* Task statement
The lines below, from the one holding "St Patricks Day" through the one holding "Jurnal de epocă", are to be restated word for word, with all images left out.

* Provided records
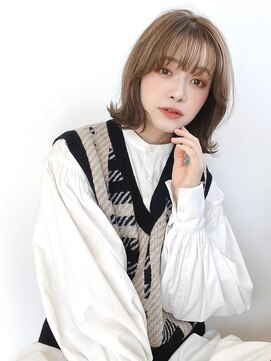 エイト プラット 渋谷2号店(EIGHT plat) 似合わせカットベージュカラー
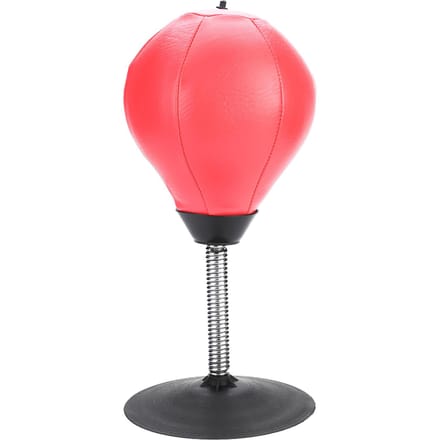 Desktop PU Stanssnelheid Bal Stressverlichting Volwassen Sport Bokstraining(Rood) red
==
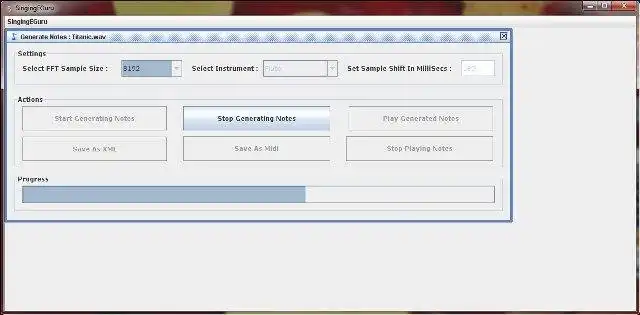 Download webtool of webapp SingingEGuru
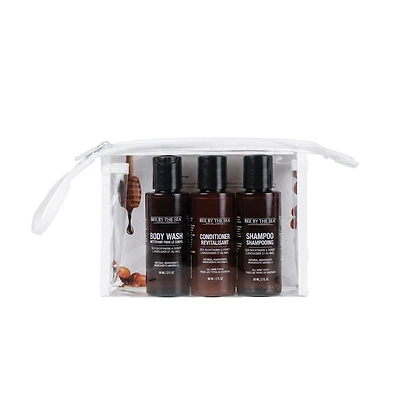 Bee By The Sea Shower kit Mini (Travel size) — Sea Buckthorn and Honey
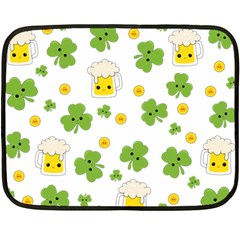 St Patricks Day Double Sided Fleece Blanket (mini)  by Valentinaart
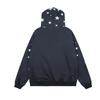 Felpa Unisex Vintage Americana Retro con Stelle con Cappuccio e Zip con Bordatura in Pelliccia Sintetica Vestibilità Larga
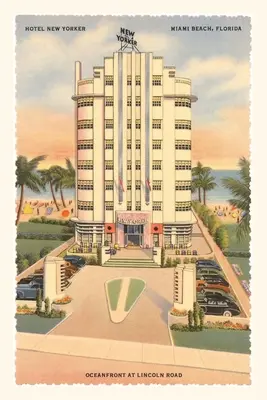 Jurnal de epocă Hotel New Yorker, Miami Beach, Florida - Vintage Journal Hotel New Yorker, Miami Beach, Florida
* * *
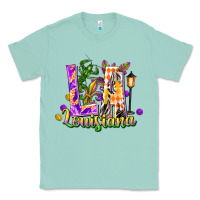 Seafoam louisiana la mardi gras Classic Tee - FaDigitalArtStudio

* Solved exercise
 St Patricks Day Double Sided Fleece Blanket (mini)  by Valentinaart
 Felpa Unisex Vintage Americana Retro con Stelle con Cappuccio e Zip con Bordatura in Pelliccia Sintetica Vestibilità Larga
 Jurnal de epocă Hotel New Yorker, Miami Beach, Florida - Vintage Journal Hotel New Yorker, Miami Beach, Florida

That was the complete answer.